Eu ainda era criança, quando presenciei jogos memoráveis do futebol amador da cidade nas velhas arquibancadas do estádio municipal Siqueira Campos, hoje demolidas após a venda do patrimônio do município ao Clube Araraquarense.

E agora me vejo prestes a passar por outro dissabor! O antigo estádio do tradicional  Palmeirinhas da Vila Xavier está sendo vendido pela Prefeitura Municipal. Me lembro da luta do Gaeta e seus companheiros de diretoria, para convencer o prefeito da época a fazer a doação do terreno e dos esforços para construção do estádio Rubens Cruz.

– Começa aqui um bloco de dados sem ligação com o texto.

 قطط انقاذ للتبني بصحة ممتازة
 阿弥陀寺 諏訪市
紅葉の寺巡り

Tanto trabalho para culminar com mais um patrimônio abandonado, sem que se tenha feito nenhum esforço para tentar reformar e recuperar o local que poderia servir perfeitamente para o futebol amador da cidade que não tem casa própria.

Poderão os adeptos da atual administração municipal, argumentar que o estádio do Botânico foi construído para esse fim, etc. Só que se esquecem que desde que foi inaugurado, o local sempre teve problemas, especialmente em seu gramado. Minhas observações não têm nada a ver com política, até porque não se deve misturar as coisas e esporte com política nunca dará certo.  Mas é inconcebível que o município se desfaça de tantos patrimônios sem que se coloque algo em seu lugar.  De passagem, quero lembrar do estádio Flavio Ferraz de Carvalho, que foi a casa do Estrela; do campo da Atlética Ferroviária da Vila Xavier e que hoje também não servem mais ao esporte araraquarense.

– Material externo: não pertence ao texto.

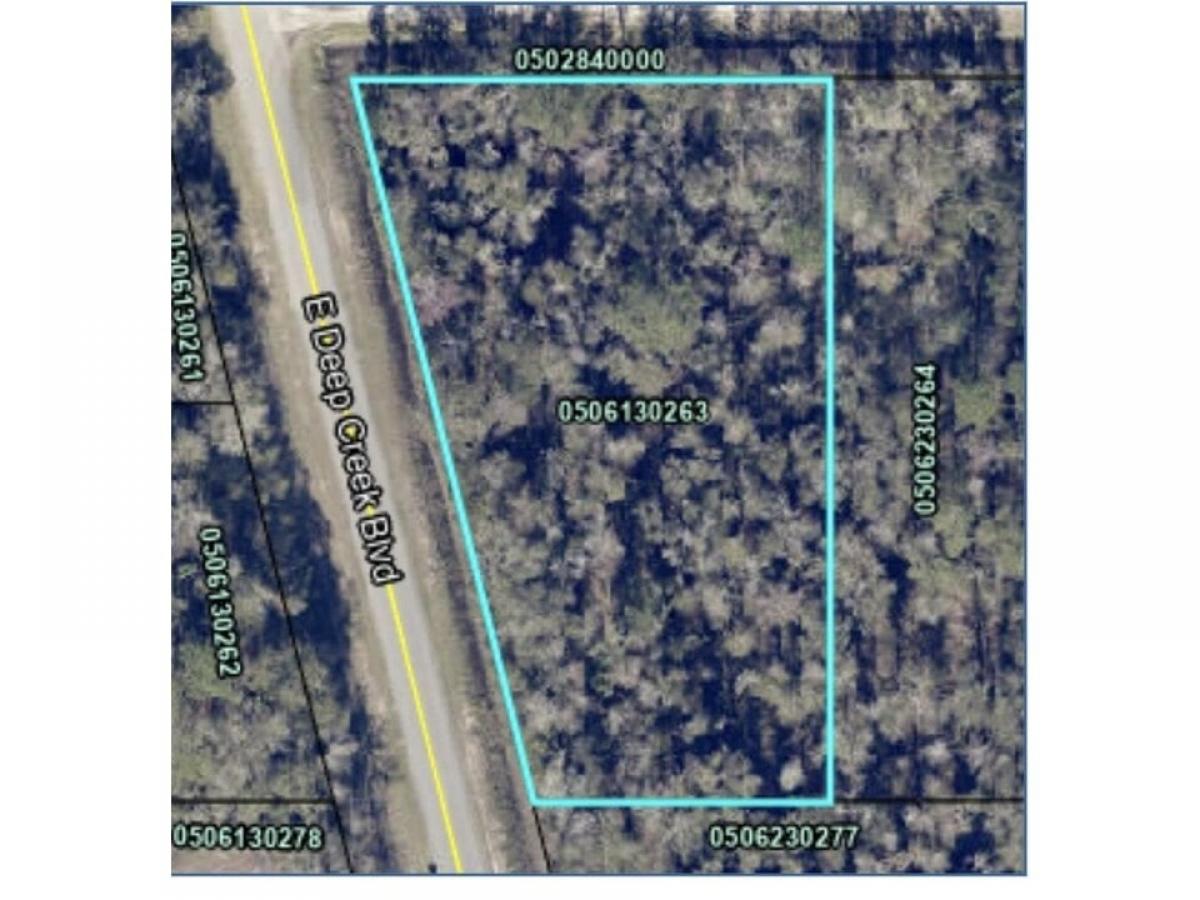 Picture of Residential Land For Sale in Hastings, Florida, United States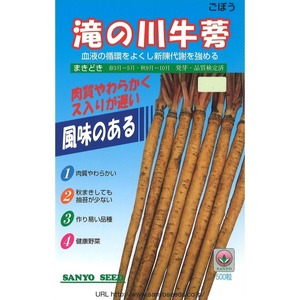 滝の川牛蒡（200粒）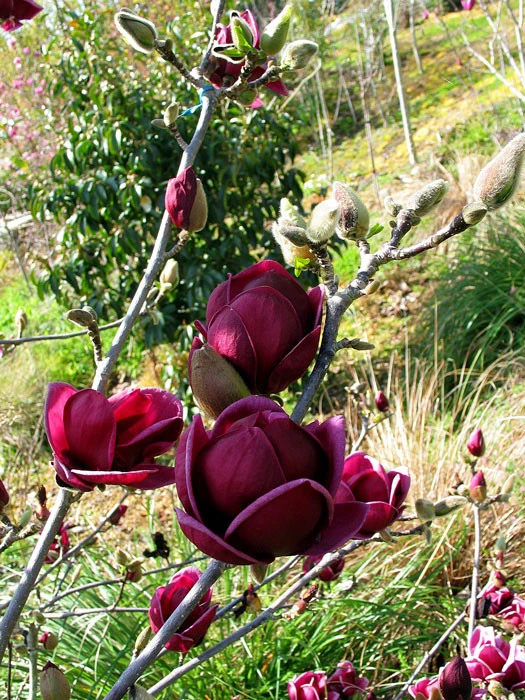 Magnolia 'Genie', Magnolien-Hybride â Bild 2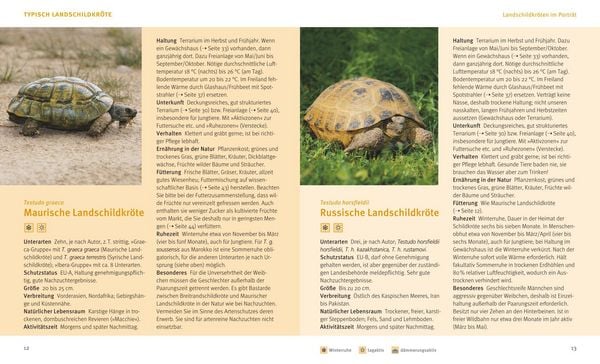 Produktbild: Landschildkr&ouml;ten
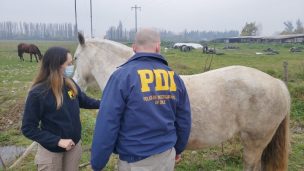 Fiestas Patrias: PDI impulsa campaña contra el abigeato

Os tempos são outros, dirão alguns! Concordo, mas não se pode delapidar um bem que serve ao esporte, no caso, sem pensar se ele fará falta ou não a quem o pratica. Ademais, o dinheiro arrecadado quase nunca tem sido empregado em coisas do esporte. A finalidade-meio na maioria das vezes fica na intenção.

Longe de mim pretender ensinar administração a quem quer que seja, mas parece que os erros de planejamento saltam à vista em relação ao esporte da cidade. Afinal a cidade cresce e não adianta focar apenas na construção de campos de futebol em bairros, que acabam abandonados e terminam deteriorados exatamente pela falta de uma atividade planejada e permanente. Na verdade, algumas obras parece que são realizadas para atender apelos eleitorais, em detrimento de outras mais necessárias e que exigiriam prioridade.